You are gone. There is nothing I can do to change that. Trust me I have gone over it in my head a million times. From rational thoughts to very irrational thoughts. I have gone over every moment of that day in my head. What I could have done different to have prevented your death. I have spent lots of time thinking about if I believe you are gone. Or even crazier do I believe you were really here? If I sleep long enough will you appear when I wake up? If I pray hard enough will this baby in my belly be you? Again I have no control over this situation.
The holidays. No matter how much I didn’t want them to come they are still looming. We didn’t celebrate Thanksgiving because I couldn’t bare the thought of you not being there. I didn’t want to sit around a table and pretend to be thankful when frankly I wasn’t feeling very thankful. So we didn’t have a turkey dinner with our family, but Thanksgiving still came. Tonight I am sitting in a hotel and we fly out to Florida in the morning. This is my effort to skip Christmas. But Christmas will still come. New Years will still come. Before I know it a we will be waking up to the 1 year anniversary of your death. I fight it everyday with every ounce of my being. But these milestones and special days keep happening. I don’t want to live in a year that you didn’t exist in. I don’t want to celebrate a holiday without you. I have no control over these things. So because I have no control I protest.
So as I continue to have this power struggle with life I am slowly loosing control. I am angry. My anger sometimes is misdirected and the people I love get the brunt of it. I am difficult. I get mad when things don’t go my way or turn out as I planned. I shut down. I cancel plans. I am brutally honest (this is not a new thing). I have no patience. I lack grace. I expect grace but can’t seem to extend it. I can’t let things go. I can’t stop my thoughts. I can’t stop my tears. I am out of control.

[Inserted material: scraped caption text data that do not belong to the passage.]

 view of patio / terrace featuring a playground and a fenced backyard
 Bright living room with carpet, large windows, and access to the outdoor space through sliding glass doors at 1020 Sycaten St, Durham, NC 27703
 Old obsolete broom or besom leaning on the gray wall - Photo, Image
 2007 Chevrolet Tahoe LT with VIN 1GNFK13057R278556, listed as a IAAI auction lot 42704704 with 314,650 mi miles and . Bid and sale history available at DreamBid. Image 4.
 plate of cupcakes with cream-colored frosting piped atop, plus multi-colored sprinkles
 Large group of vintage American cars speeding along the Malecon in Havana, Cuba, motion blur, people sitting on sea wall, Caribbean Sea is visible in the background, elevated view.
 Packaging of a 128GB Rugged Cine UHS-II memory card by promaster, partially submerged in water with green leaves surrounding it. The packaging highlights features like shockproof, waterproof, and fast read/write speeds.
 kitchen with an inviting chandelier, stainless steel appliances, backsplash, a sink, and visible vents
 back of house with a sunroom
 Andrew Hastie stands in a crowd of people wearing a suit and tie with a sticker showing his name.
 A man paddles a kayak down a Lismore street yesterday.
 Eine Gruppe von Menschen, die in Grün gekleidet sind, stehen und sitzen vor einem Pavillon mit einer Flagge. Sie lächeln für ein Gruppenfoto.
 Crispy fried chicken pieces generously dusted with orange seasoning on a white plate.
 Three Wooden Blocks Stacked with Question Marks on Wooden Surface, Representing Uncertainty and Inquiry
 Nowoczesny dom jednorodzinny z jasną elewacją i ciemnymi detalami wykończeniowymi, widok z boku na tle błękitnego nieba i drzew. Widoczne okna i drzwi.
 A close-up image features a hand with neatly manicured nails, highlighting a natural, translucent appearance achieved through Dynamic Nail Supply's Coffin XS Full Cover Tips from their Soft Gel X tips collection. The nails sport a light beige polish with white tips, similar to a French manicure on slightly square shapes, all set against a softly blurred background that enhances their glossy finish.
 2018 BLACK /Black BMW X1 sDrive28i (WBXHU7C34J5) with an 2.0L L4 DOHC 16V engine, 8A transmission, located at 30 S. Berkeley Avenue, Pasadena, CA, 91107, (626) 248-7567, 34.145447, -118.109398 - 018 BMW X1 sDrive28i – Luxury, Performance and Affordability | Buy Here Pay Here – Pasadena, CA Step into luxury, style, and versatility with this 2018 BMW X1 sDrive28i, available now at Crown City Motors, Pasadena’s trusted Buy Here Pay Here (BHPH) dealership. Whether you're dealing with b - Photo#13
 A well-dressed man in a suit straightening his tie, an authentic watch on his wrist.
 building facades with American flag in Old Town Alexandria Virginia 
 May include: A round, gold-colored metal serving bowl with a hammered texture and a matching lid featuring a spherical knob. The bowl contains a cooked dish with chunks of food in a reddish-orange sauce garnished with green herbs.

I hate that I feel this way and I grow increasingly frustrated with how my grieve turns into not very pretty actions. It all comes back to you not being here. If you were here many of these issues would not be issues. I wish everything was different.
I love you and as much as I hate what has happened I regret nothing of our time together. You are mine forever and that will not change. We will be reunited someday and I think of that moment all the time.